**Exercise details:**
Only the pictures are to be dropped; return all other data below exactly.

(Captioned web images)
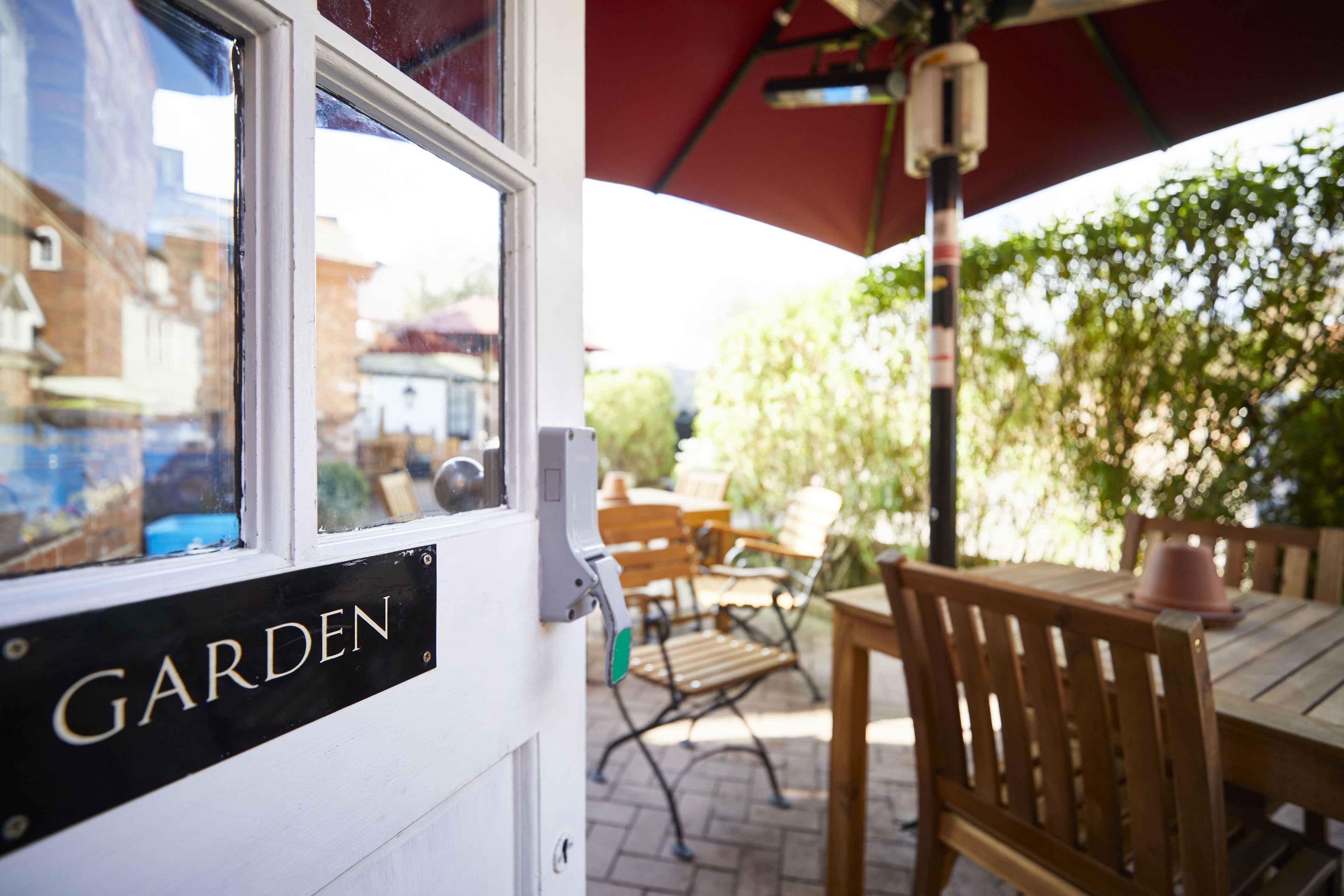 A door labeled "GARDEN" with outdoor seating and a red umbrella.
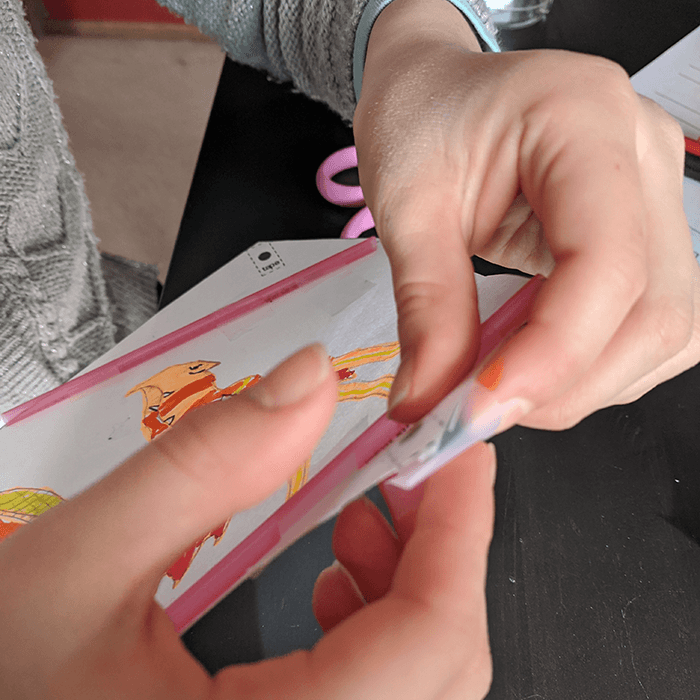 Student tapes straw supports to homemade paper kite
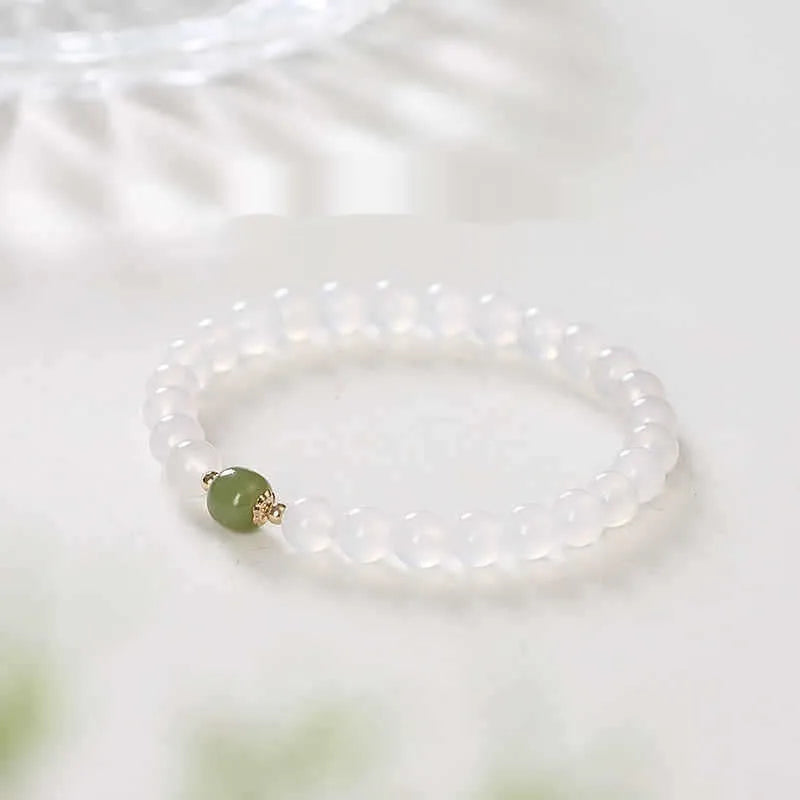 Handmade natural white agate crystal bracelet with cinnabar inlay on wrist, showing 8mm round beads.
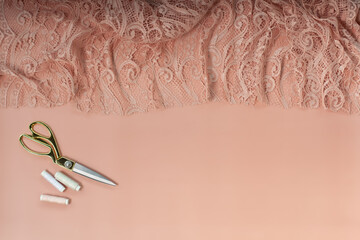 Obraz premium Top view of pink coral coloured lace and silk fabric with tailoring accessories near cup of coffee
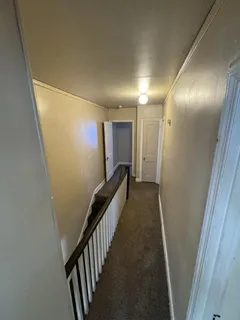 a view of hallway with stairs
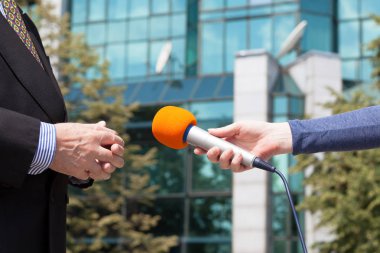 Muhabir mülakat iş adamı, arka planda bina kurumsal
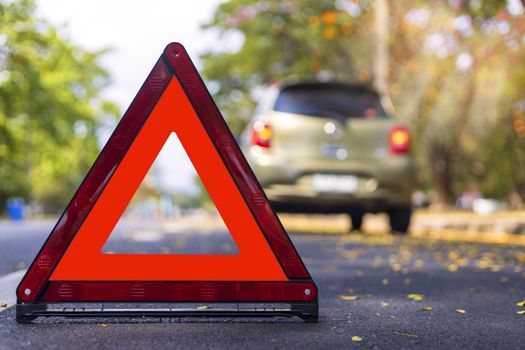 Red triangle, red emergency stop sign, red emergency symbol and  car stop and park on road.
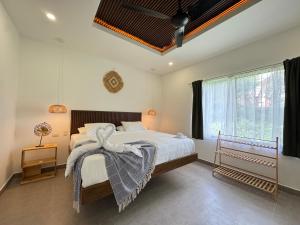 Ένα ή περισσότερα κρεβάτια σε δωμάτιο στο Casa Oruro - Pinilla Highlands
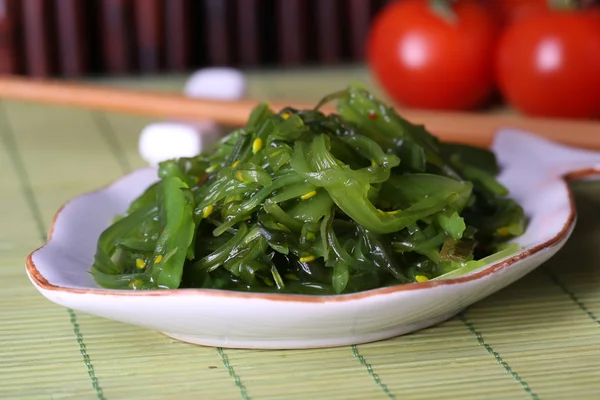 Ensalada de algas en plato con bambú sobre fondo — Foto de Stock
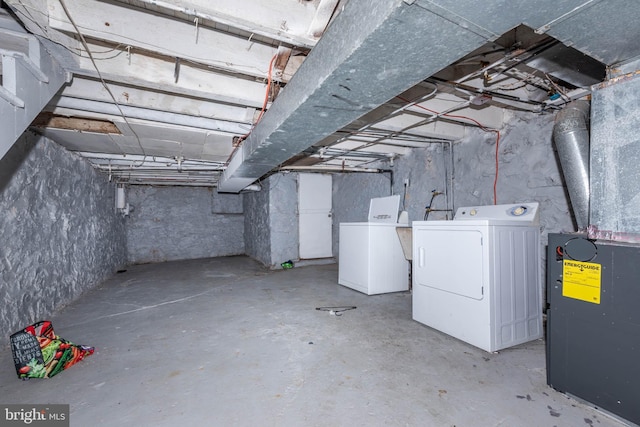 unfinished basement featuring separate washer and dryer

**Answer to this problem:**
 A door labeled "GARDEN" with outdoor seating and a red umbrella.
 Student tapes straw supports to homemade paper kite
 Handmade natural white agate crystal bracelet with cinnabar inlay on wrist, showing 8mm round beads.
 Obraz premium Top view of pink coral coloured lace and silk fabric with tailoring accessories near cup of coffee
 a view of hallway with stairs
 Muhabir mülakat iş adamı, arka planda bina kurumsal
 Red triangle, red emergency stop sign, red emergency symbol and  car stop and park on road.
 Ένα ή περισσότερα κρεβάτια σε δωμάτιο στο Casa Oruro - Pinilla Highlands
 Ensalada de algas en plato con bambú sobre fondo — Foto de Stock
 unfinished basement featuring separate washer and dryer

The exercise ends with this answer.